Someone let me drive their Tesla once and I was getting on an uphill on-ramp to merge onto the highway and I was going 90 mph before I reached the top of the on ramp. The same accelerator input and time on the same on ramp in my daily Uber car I'd be going like 40 mph at that point, struggling to get up to speed to merge with the traffic going 75 mph.


----------



## Trafficat (Dec 19, 2016)

NicFit said:


> I can’t do anything but the exact speed limit with passengers anymore, had at least two complain when I was doing 3 over. Besides the faster I go the more it costs in fuel and the less minutes I charge for the trip. Why speed? I tell passengers who are in a hurry that I’ll try my best but Uber is monitoring me so I can’t break the law, always works. 102? That’s a deactivation ffs.


Hopefully they never make it automatic deactivation to speed with a pax. I'm pretty sure I'd have died in a hail of bullets if we did not outrun those gang bangers following us. I got to over 90 mph on that trip, maybe 100, and I didn't even get a "we noticed you were speeding" warning around the time of that trip.


----------



## NicFit (Jan 18, 2020)

Trafficat said:


> Hopefully they never make it automatic deactivation to speed with a pax. I'm pretty sure I'd have died in a hail of bullets if we did not outrun those gang bangers following us. I got to over 90 mph on that trip, maybe 100, and I didn't even get a "we noticed you were speeding" warning around the time of that trip.

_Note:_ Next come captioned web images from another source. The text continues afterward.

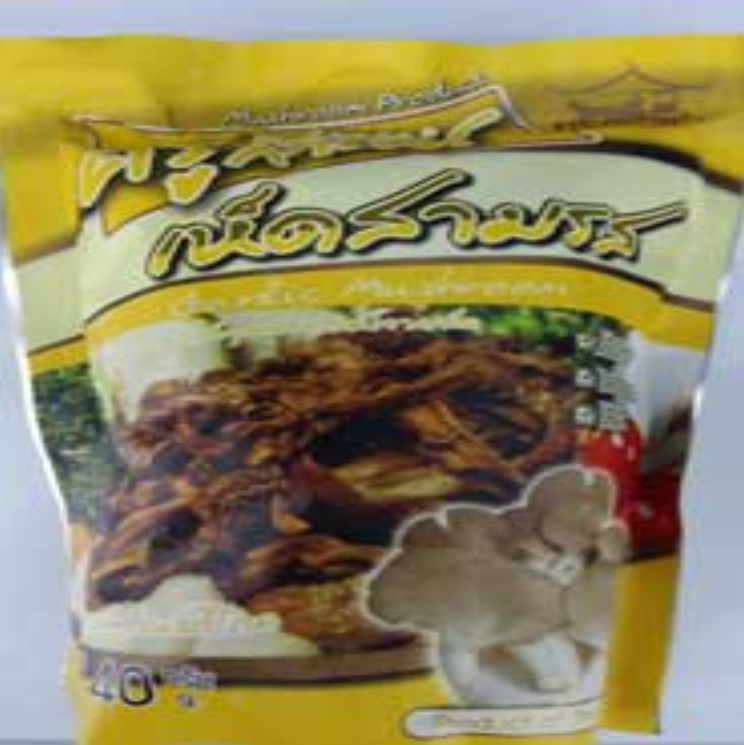 TAN21-เห็ดสามรส ครูกานต์ 40g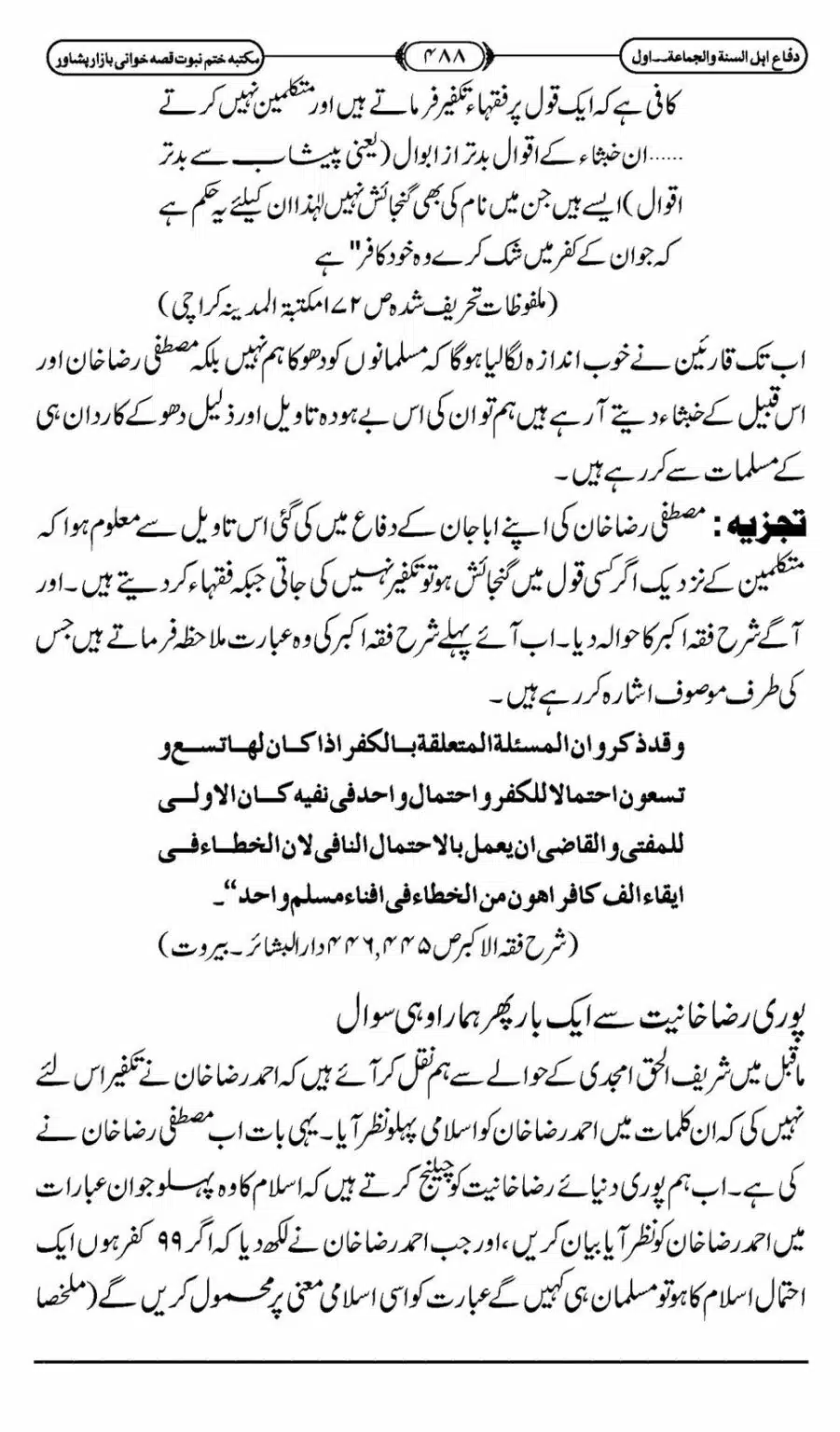 Difa-ASWJ-494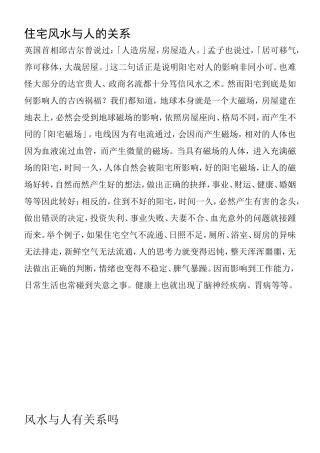 住宅风水与人的关系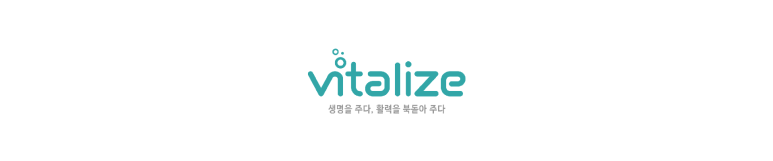 바이탈라이즈(vitalize) 이미지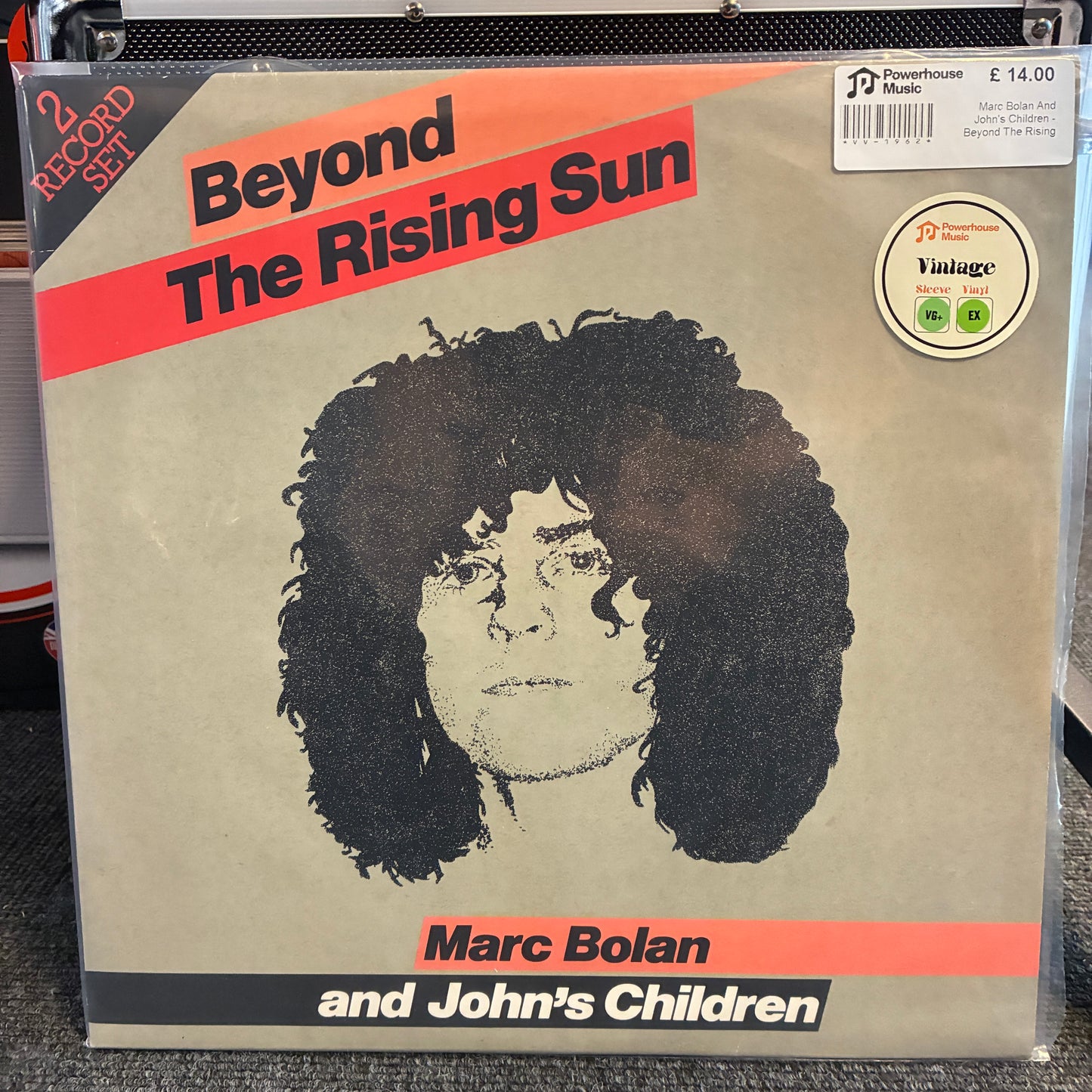 Marc Bolan And John's Children - Beyond The Rising Sun Vintage Vinyl LP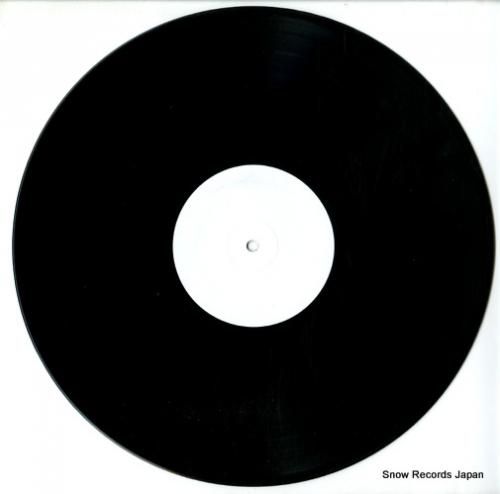 イレイスイラータ - othe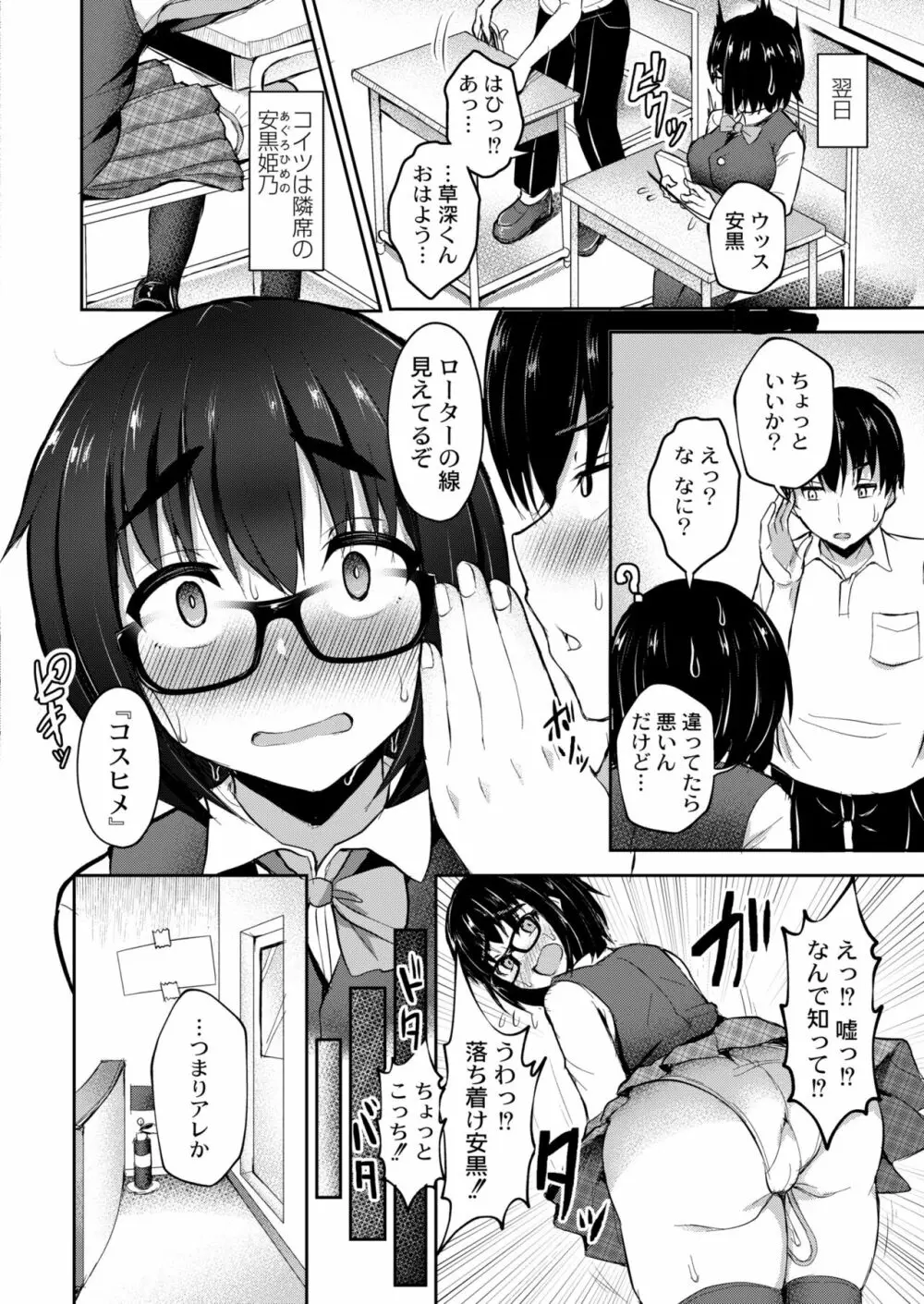 COMIC 快艶 VOL.05 Page.80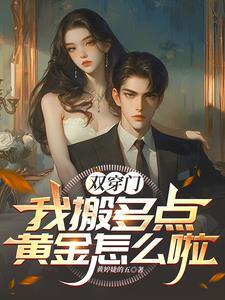 穿越三国岂能无药免费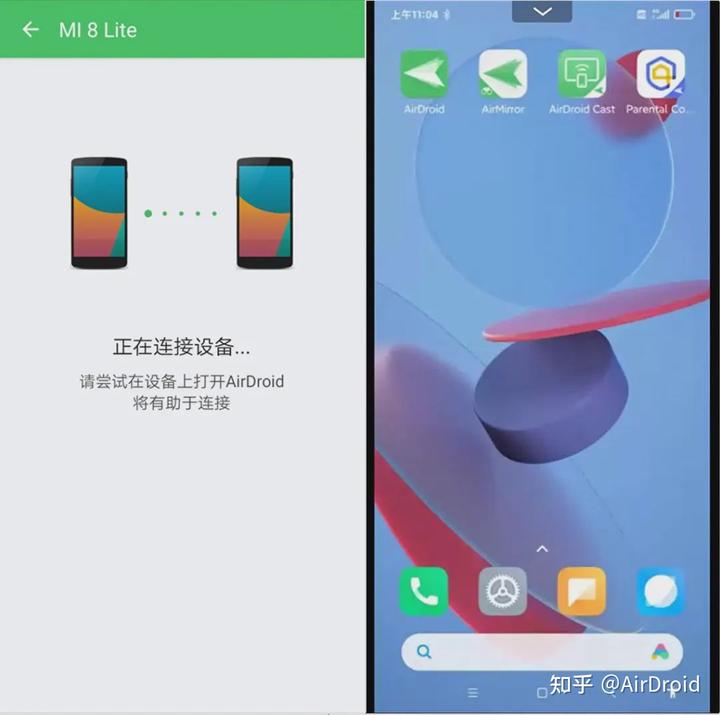 安卓手机安装kali nethunter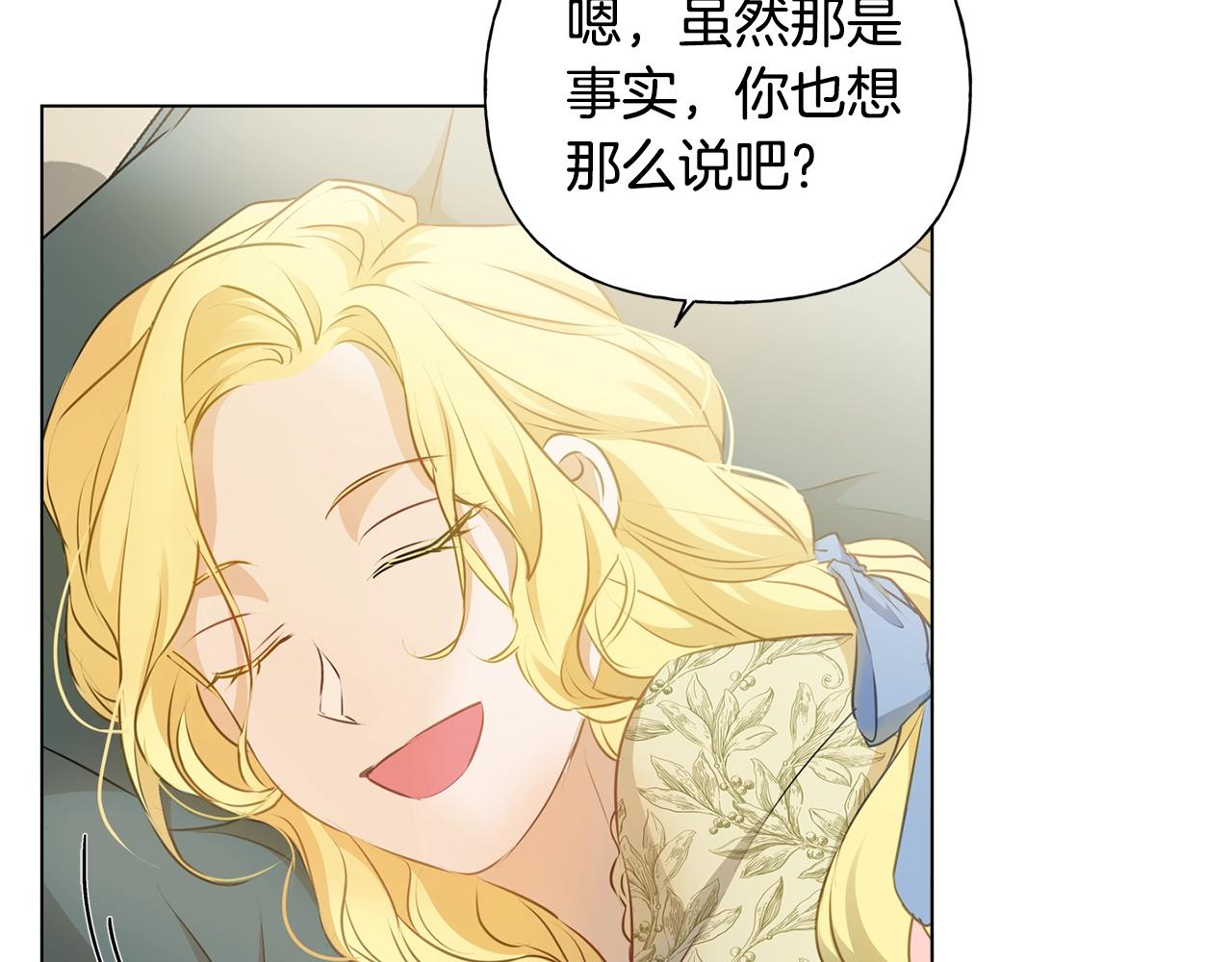 第69话 一人杀一岛239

It’s an automatic deactivation if your caught going over 20 mph on your next background check from what I hear, I’m not 100% positive but I heard that’s when Uber deactivates you for speeding too fast. Next time kick those gangbangers out and leave them there to be shot, you know they didn’t care about you and only themselves. I wouldn’t drive them anywhere if someone is chasing them. Your life isn’t worth their drama


----------



## Gone_in_60_seconds (Jan 21, 2018)

NicFit said:


> It’s an automatic deactivation if your caught going over 20 mph ...


What about excessive flatulence with pax in car? The odour plus the squeaking sounds are surely a cardinal sin in ridesharing?


----------



## NicFit (Jan 18, 2020)

Gone_in_60_seconds said:


> What about excessive flatulence with pax in car? The odour plus the squeaking sounds are surely a cardinal sin in ridesharing?


----------



## Taxi2Uber (Jul 21, 2017)

Trafficat said:


> Hopefully they never make it automatic deactivation to speed with a pax.


I had a rider tell me he was deactivated from Uber when he drove 100+MPH with passengers.
He didn't get any tickets. The Uber app monitors speed.
He said he got a warning message first, but he continued to speed 100+ and then Uber deactivated him.


----------



## Gone_in_60_seconds (Jan 21, 2018)

Taxi2Uber said:


> I had a rider tell me he was deactivated from Uber when he drove 100+MPH with passengers.
> He didn't get any tickets. The Uber app monitors speed.
> He said he got a warning message first, but he continued to speed 100+ and then Uber deactivated him.


That's good...another one bites the dust. More 1970's taxi fare rates for everyone else.


----------



## UberBastid (Oct 1, 2016)

tohunt4me said:


> I thought they " De funded" the police ?
> 
> Looting & burning is O.K. !
> 
> SPEEDING . . . MAKES THE NEWS !


Sure.
Know why?

The people who loot and burn have nothing to lose. If they spend the night in jail ... what have they lost? What do they HAVE to lose? They are, by definition, losers. 
The people who speed ... well, they have something to lose. They actually work for a living, they have a car, a family to support. They have stuff to lose. So, if copper writes a ticket to soccer mom in a hurry, he knows it will get paid - or they'll steal (impound) the car.


----------



## The Gift of Fish (Mar 17, 2017)

KevinH said:


> “With a passenger in the back nonetheless, going 102 miles an hour.”


Must be the new UberExpress service.


----------



## JonC (Jul 30, 2016)

FLKeys said:


> Pax: "I'm late for work, I'll give you $5 if you get me there on time."
> Driver: "No problem!"


Hey, you also agree to pay any tickets I get, I'd do it. It's not like I don't drive fast when it's just me in the car, you don't get 45 MPGe in a car that's rated 95 MPGe by being a slouch.

I'd cancel the Uber trip though. Don't want them tracking the speed. Cash only.


----------



## Amos69 (May 17, 2019)

Wasn't me



But could have been .

hit triples five times with clients in the 14


----------



## Mole (Mar 9, 2017)

UberBastid said:


> Yea, I think the rule of thumb in Cali is ... double the speed limit is reckless, which is the same charge as DUI.
> I did 110 crossing the San Rafael bridge one Sunday morning. CHP that stopped me actually blew up the engine in his car to catch me. LoL. They took my ass to jail to post bail. I plea bargained it to 90 in a 55 later.
> 
> 
> .


15 mph over the speed limit in Cali is reckless driving.


----------



## UberBastid (Oct 1, 2016)

Mole said:


> 15 mph over the speed limit in Cali is reckless driving.


Really? That's all?
LoL
Hell, that is within the 'normal' range for me. Upper limit, but still ...

It was a long time ago, but when I got arrested for reckless the lawyer made a big deal about "double the speed limit". Dunno, maybe it was an option area where judge could go felony if he wanted but lawyer wanted to get it off of that double area.


----------



## Daisey77 (Jan 13, 2016)

Everyone chill out. That stretch of highway is 65. So he was only going 37 over 🙄 😂.


----------



## Frontier Guy (Dec 27, 2015)

Daisey77 said:


> Everyone chill out. That stretch of highway is 65. So he was only going 37 over 🙄 😂.


And you’ve driven that stretch enough to know doing the speed limit makes you a speed bump


----------